(Collected data entries)
--

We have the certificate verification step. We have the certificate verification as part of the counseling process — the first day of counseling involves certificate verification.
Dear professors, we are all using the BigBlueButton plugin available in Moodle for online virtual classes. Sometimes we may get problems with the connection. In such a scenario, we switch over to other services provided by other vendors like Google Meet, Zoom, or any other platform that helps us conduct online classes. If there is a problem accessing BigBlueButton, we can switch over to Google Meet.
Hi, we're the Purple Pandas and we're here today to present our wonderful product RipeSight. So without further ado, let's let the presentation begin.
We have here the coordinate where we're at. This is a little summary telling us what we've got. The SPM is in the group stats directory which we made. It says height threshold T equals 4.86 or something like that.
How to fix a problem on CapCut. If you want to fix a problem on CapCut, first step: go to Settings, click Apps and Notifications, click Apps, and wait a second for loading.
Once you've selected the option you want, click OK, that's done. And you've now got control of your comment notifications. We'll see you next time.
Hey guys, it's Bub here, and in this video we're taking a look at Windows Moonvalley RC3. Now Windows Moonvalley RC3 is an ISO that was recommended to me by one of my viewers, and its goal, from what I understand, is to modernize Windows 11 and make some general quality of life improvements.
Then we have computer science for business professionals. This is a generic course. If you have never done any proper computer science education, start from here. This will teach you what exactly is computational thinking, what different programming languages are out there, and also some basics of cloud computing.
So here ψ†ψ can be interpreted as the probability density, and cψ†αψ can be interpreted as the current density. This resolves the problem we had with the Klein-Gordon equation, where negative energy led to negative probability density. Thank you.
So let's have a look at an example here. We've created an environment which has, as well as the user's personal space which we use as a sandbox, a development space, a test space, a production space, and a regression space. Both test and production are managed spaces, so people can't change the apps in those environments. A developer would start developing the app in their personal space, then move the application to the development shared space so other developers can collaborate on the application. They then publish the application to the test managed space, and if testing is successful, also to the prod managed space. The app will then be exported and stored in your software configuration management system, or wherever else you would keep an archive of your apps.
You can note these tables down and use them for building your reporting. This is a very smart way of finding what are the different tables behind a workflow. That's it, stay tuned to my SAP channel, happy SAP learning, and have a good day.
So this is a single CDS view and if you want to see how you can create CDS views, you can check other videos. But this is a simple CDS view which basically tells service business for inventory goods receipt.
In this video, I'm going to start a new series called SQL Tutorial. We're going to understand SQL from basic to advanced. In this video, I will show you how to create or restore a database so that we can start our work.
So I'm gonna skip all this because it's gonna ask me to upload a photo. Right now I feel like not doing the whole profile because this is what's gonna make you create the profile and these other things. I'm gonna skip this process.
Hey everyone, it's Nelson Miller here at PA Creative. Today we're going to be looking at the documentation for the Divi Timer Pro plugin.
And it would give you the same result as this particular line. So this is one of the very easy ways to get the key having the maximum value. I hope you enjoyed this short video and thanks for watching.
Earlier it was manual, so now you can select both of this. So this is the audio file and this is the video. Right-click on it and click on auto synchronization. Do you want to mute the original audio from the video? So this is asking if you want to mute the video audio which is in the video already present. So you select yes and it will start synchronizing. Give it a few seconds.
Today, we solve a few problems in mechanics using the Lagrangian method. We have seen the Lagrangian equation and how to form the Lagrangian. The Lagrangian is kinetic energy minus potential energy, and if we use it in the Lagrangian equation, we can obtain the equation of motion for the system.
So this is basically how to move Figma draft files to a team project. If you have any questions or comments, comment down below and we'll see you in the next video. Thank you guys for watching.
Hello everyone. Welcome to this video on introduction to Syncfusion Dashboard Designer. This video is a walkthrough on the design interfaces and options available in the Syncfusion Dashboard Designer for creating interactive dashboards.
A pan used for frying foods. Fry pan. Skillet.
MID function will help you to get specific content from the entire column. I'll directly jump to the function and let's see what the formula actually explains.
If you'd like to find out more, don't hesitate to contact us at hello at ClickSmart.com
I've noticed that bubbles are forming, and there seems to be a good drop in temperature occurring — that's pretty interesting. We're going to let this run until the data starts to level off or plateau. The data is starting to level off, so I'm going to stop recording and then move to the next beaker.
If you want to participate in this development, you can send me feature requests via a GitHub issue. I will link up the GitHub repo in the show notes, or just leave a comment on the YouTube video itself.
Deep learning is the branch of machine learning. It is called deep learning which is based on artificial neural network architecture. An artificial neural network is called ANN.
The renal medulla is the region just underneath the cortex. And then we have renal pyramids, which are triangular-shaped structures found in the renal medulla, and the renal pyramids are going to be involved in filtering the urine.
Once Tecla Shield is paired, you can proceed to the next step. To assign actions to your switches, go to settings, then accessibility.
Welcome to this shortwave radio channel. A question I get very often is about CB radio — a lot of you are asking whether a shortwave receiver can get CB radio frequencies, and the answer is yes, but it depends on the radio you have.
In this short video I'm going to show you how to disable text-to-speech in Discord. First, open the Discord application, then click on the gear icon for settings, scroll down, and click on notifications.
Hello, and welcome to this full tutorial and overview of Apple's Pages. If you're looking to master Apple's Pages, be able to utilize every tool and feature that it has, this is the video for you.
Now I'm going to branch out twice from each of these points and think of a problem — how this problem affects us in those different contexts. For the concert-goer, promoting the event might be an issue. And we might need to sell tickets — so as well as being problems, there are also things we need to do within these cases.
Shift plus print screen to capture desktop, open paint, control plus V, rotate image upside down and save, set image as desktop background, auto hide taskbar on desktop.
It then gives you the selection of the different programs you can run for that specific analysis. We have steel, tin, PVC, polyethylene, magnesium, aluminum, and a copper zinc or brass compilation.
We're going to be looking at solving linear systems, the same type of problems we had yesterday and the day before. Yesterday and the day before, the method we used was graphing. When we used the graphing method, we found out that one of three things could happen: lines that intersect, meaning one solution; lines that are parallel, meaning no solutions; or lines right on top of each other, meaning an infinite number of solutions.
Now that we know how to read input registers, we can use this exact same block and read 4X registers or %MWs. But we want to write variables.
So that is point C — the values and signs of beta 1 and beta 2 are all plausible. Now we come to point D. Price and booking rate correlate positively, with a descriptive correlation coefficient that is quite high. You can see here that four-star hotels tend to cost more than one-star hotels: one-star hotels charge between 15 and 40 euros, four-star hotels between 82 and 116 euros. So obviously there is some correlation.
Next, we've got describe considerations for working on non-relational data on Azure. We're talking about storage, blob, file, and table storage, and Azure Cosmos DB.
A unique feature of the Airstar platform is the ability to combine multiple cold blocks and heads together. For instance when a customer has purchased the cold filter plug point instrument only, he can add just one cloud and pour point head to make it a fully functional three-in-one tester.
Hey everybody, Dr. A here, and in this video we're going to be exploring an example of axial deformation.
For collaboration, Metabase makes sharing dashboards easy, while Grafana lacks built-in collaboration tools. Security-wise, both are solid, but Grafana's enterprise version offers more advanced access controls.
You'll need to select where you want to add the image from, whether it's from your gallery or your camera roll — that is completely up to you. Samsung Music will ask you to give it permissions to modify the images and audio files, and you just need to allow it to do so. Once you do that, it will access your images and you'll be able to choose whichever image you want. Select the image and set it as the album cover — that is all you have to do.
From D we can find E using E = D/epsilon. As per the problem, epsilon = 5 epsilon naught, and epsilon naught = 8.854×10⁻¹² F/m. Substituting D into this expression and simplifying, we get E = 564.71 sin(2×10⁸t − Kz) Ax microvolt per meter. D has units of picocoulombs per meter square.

--

• [REQUIREMENT]
Copy the lines of the data above exactly as written, beginning with the line containing "Once Tecla Shield" and ending with the line containing "Welcome to this shortwave", and leave out all other lines.

• [REPLY]
Once Tecla Shield is paired, you can proceed to the next step. To assign actions to your switches, go to settings, then accessibility.
Welcome to this shortwave radio channel. A question I get very often is about CB radio — a lot of you are asking whether a shortwave receiver can get CB radio frequencies, and the answer is yes, but it depends on the radio you have.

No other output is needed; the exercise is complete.